Now , since you are in the "look up the sources" stage of discovery, here is something for you to "look up" and "find teh original context" for.
Mr Jeffries claims (look it up ;-) ) "XP is a set of practices that can help you get into flow, and enjoy the experience of programming, more than ever before."
I assume Mr J includes "pairing" in "XP practices" (need I say, look it up ;-)).
Now Flow depends on *sustained concentration WITHOUT interruptions* (Look it... :-D)
Hmm so XP helps flow == XP helps sustained concentration but concentration is the Enemy! omg!! XP is internally incoherent. Damn!
Ron Jeffries is (totally imo) an intellectually incoherent dodderer who makes grandiose and self contradictory claims on things he has no expertise in - he cant' program for nuts (see my earlier entry).

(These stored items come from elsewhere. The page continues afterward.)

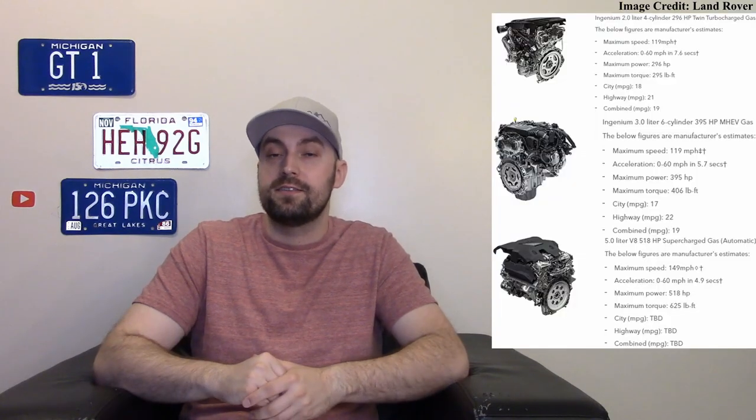I love how Land Rover keeps adding more things to the Defender — more power plants, extra trim packages to spruce things up. They're going the Jeep route with this: not only are there multiple power plants, but they lean into accessories too. You can get rooftop tents, racks, extra exterior storage, different wheels, and trim packages that mix up the exterior with bold colors.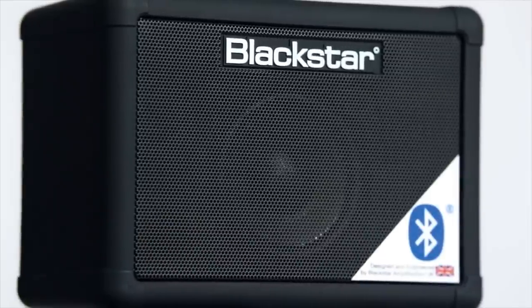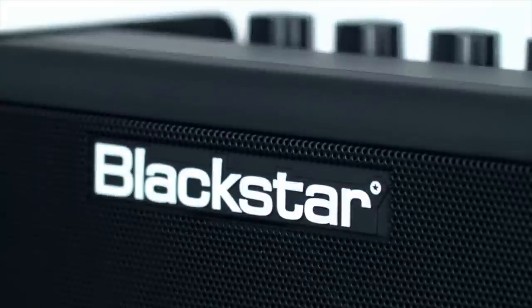Hello and welcome to this video for the Blackstar Fly3 Bluetooth. The Fly3 Miniamp has quickly become a Blackstar favourite around the world, so we've upgraded it to feature Bluetooth. It has all the same fantastic features as before, plus more.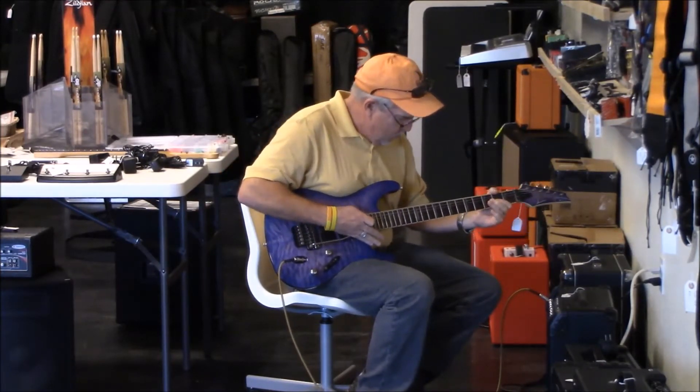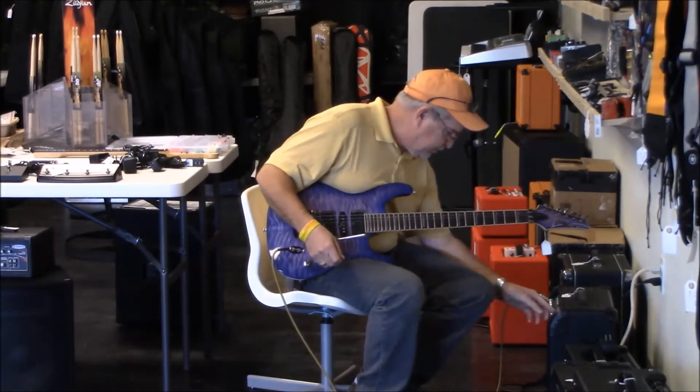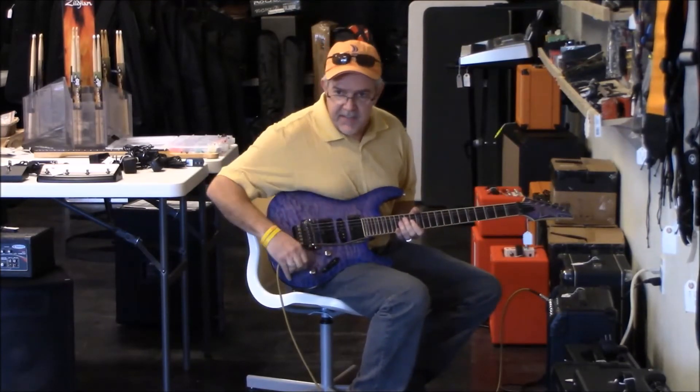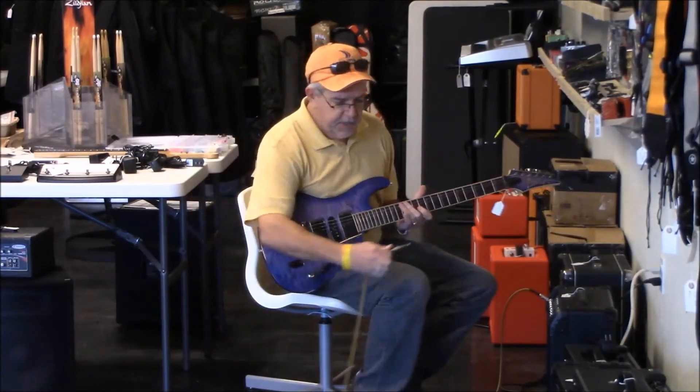I guess people would want to know how to do that, just a little thing like that. Because you can throw any one of those licks into any song you're doing, really, as long as you do it in key.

Trapping him in the contradictions of his foolish blatherings is too easy. So I'll stop.
Some people (I mention no names but we all have seen them) can't quite get out of the habit of worshipping whoever happens to adorn certain pedestals.
That is a bit of a bore but not my problem really. I expect comments on *this* blog to have a solid logical underpinning that stands up to rigorous analysis. But hey that's just me :-)
Next. ;-)
@Manoj
"DoubleThink" is extremely accurate but a bit too subtle an argument for some folks. let's see if people can figure it out :-D . Why am I not optimistic? ;-)
Ravi,
I think you are being too harsh on poor KD ! - though I did enjoy your response!
I think maybe KD assumed you hadn't done your research before you posted and was just checking up. But as you rightly point out, the context adds to your argument so it doesn't make a difference (in this case).
Maybe KD was thrown off by your unusually (for you) mild tone (in the blog post). Maybe he thought you'd breathe fire if you saw the actual context! (I agree Mr Jeffries' stupidity is on full display in the wiki page KD pointed to).
Speaking for myself, I prefer to assume that good writers do their research. And you are definitely a good writer.
As I was saying, the stupidity of Mr Jeffries is astounding! I can't believe this chap is a leading light in the "agile movement". I've been trawling his posts and he seems to be a great talker and not a particularly bright coder. he seems more interested in ideological argumentation than developing technical chops. All of his publicly available code is of the "simple code doing utterly stupid things without any practical use" variety and his design sense makes me shudder.
In my field (Physics) we don't tolerate charlatans and have a very strong antipathy to incoherent arguments. Mr Jeffries wouldn't last two hours! I guess that's one of the advantages of hard sciences - you can't hide incompetence - not for very long anyway.
As a part time programmer, I've "flipped the bit" (hopefully that's the right phrasing) on Mr Jeffries in particular and on Agile in general. When they get some good programmers as their spokesmen, perhaps they will have more credibility?
@Joe
Thanks for the support. BTW, if this is mild tone, what is Ravi breathing fire like ;-).
@Ravi
I don't want this to become another XPR that quoted heavily without context. And I thought that the context is more illuminating ;-).
- KD
@Joe,
Oh I was just pulling KD's leg a bit. He is a very good friend of mine and we have these endless debates on tech stuff when we meet.
@KD
Yeah yeah illuminating :-P
*** Market research ***
If I make T-shirts that read "Agile: for developers with Small Unit Testes" how many are you willing to buy? What if on the back it said ... and it applies to women, too?